Le Mezzogiorno européen 

Dix ans après le déclenchement de la terrible crise économique et financière, les pays d’Europe du Sud ne sont pas véritablement rétablis, au-delà des apparences. Certes l’Espagne a connu trois années de suite de croissance supérieure à 3%; mais le chômage y est encore de 16,7% de la population active. Le Portugal a redressé ses exportations et les investissements étrangers sur son territoire mais son chômage reste aussi à deux chiffres. Un peu plus à l’est de la Méditerranée, l’Italie connaît encore une croissance faible (1,5% en 2017) et les contrats précaires y sont légion. Quant à la Grèce, elle ne sort pas de l’endettement, le chômage y reste supérieur à 20% et 1,5 millions de personnes y vivent avec moins de 500 euros par mois.  

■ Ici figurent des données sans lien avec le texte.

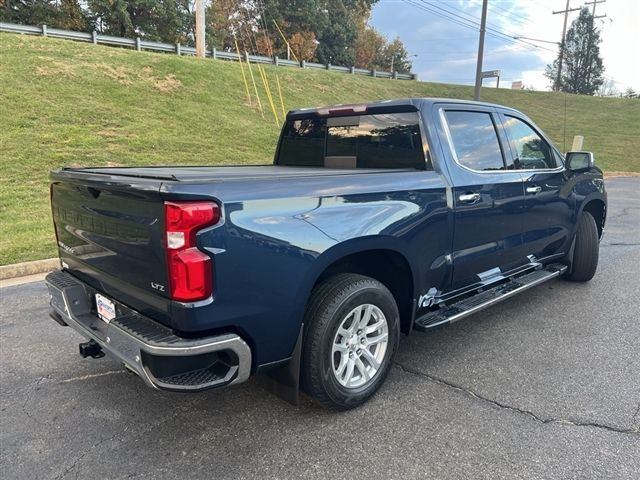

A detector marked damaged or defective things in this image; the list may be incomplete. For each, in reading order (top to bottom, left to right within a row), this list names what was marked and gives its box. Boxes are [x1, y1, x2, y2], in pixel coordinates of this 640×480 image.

pavement crack [396, 362, 640, 436]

Vous savez tout cela et je n’ai pas besoin de vous rappeler que cette terrible situation de « mezzogiornification » de l’Europe du Sud, que les analystes anglophones ont résumée en désignant, par dérision, le groupe des PIGS (Portugal, Italy, Greece, Spain), est le produit d’une politique monétaire inadaptée, dogmatique, concoctée par la Bundesbank avec la complicité du Ministère des Finances français dès le début des années 1990. Innombrables sont les avertissements de grands économistes sur l’impossibilité de faire réussir l’euro: Le travail théorique le plus cohérent à opposer à l’euro est celui du prix Nobel d’économie Robert Mundell, qui, le premier, a essayé d’identifier une « zone monétaire optimale ».  L’économiste canadien est plus réaliste que bien des experts: il souligne combien il est important de s’assurer, avant de créer une monnaie unique dans une zone donnée, de ce qu’on y retrouverait la capacité d’adaptation que l’on observe, habituellement, dans une nation. Par exemple, la mobilité de la main d’oeuvre jouera-t-elle au cas où une monnaie unique rendrait le facteur travail trop cher dans tellle ou telle région? Le degré de diversification d’un sous-ensemble à l’autre de la zone monétaire considérée est-il suffisant, de manière à pouvoir tenir le temps d’un choc externe? 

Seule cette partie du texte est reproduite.